Not even the ordinarily dependable Michelle Kwan could stop the Russian onslaught last week in Helsinki. It was as thorough as Siberian winter, as convincing as a cuff from a bear. The end came last Saturday night at the Hartwall Arena when Maria Butyrskaya, a minxlike beauty known for folding like blini under pressure, conquered her nerves to easily upset Kwan, the shaky defending champion.
It was a groundbreaking win, and not just for Butyrskaya, who became the first Russian woman ever to take the singles title. Hers was also the fourth Russki gold of the World Figure Skating Championships, marking the first time since 1952, the year ice dancing was added, that skaters from one country had swept the pairs, the dance and both men's and ladies' singles.
Not that anyone should have been shocked. Russia has long been dominant in both pairs skating and ice dancing. In recent years it has also started taking over men's singles, producing a wave of quadruple-jumping teenagers such as 1998 Olympic gold medalist Ilia Kulik, who now skates professionally, and Alexei Yagudin, who last Thursday, having just turned 19, won his second straight world title. Pushing Yagudin is Evgeni Plushenko, who at 16 is the Russian national champion. Plushenko took silver in Helsinki, just ahead of the surprising Michael Weiss of the U.S.
Only the women's tide, which Americans had won six of the past nine years, had eluded the Russians' grasp. Now, with the 18-year-old Kwan showing signs of burnout and 16-year-old Tara Lipinski having given up her Olympic eligibility, the women's field looks ripe for a Russian takeover. Finishing third in Helsinki behind Kwan was Julia Soldatova, a 17-year-old charmer from Moscow. According to her coach, Elena Tchaikovskaya, there are "many, many young girls, a new generation of fantastic jumpers" just like Soldatova back home. "What you see now started 10 to 13 years ago," says Tchaikovskaya, whose pupils begin taking two 90-minute lessons a day at age four. She has 10 coaches teaching under her and 300 students in a new facility called the Blades of Tchaikovskaya, sponsored by a bank and built by the city of Moscow.

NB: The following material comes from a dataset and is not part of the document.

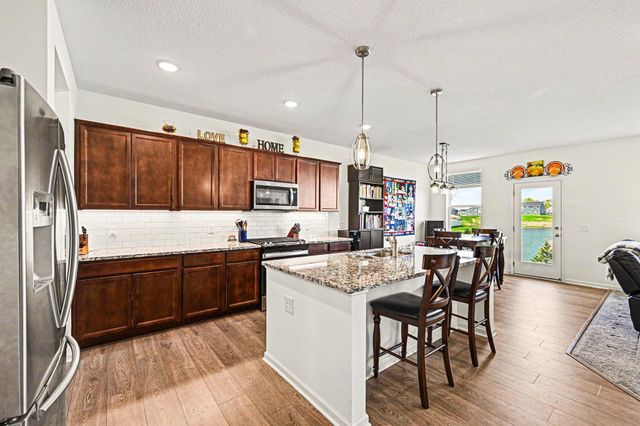 6240 Goodview Avenue S, Cottage Grove, MN 55016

That Russia should assert its skating preeminence now—with its economy in shambles and its old state-supported sports system disassembled—surprises even the Russians. "But we have a saying: 'The hunting dog with the full stomach never runs fast,' " says Plushenko's coach, Alexei Mishin. "Yagudin, Plushenko—they come from poor families. Skating gave them a chance to survive. This is why they are winning."
And why Americans are not. There's so much money in figure skating now that U.S. skaters no longer have to be Olympic champions, or even medalists, to make a cushy living. "They make themselves financially secure by appearing in skating shows," says Linda Leaver, Brian Boitano's longtime coach, "instead of staying home training, trying to raise the level of their skating."

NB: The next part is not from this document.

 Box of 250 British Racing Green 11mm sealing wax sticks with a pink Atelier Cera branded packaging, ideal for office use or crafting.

There are other factors at work. Quality of coaching is one. In the U.S. there are thousands of rinks and coaches, many of them barely qualified. "In Russia, coaches spend four years at university learning biology, psychology, physiology, sports medicine, biomechanics," says Mishin. "That scientific base is one of the differences." As financially distressed rinks in Russian cities beyond Moscow and St. Petersburg close, the few training centers that remain attract the best coaches and skaters, who push each other every step of the way.
"I'm working with Plushenko three hours every day," says Mishin. "I teach four skaters. In the U.S., coaches train dozens of skaters. Maybe 30 to 40 minutes they spend with their champion."
"You lose the attention to details when you go from one skater to the next," says Tamara Moskvina, whose pairs skaters Elena Berezhnaya and Anton Sikharulidze won their second straight world title in Helsinki. "Americans don't pay attention to the details, the line of the body, the position of the arms. It's because American skaters practice lots by themselves."
Well, if you can't beat them, hire them. Moskvina is now working with Kyoko Ina and John Zimmerman of the U.S., who finished ninth in Helsinki. Mishin, meanwhile, has been approached by the Detroit Skating Club about becoming its director, though he doubts he will be able to duplicate his Russian success. "In the U.S. the parents pay the coach, so the coach must always stroke the pupil," he says. "In Russia we have what I call postsocialism prison rules. The skater is the prisoner. In the U.S. I'll make more money, fewer champions."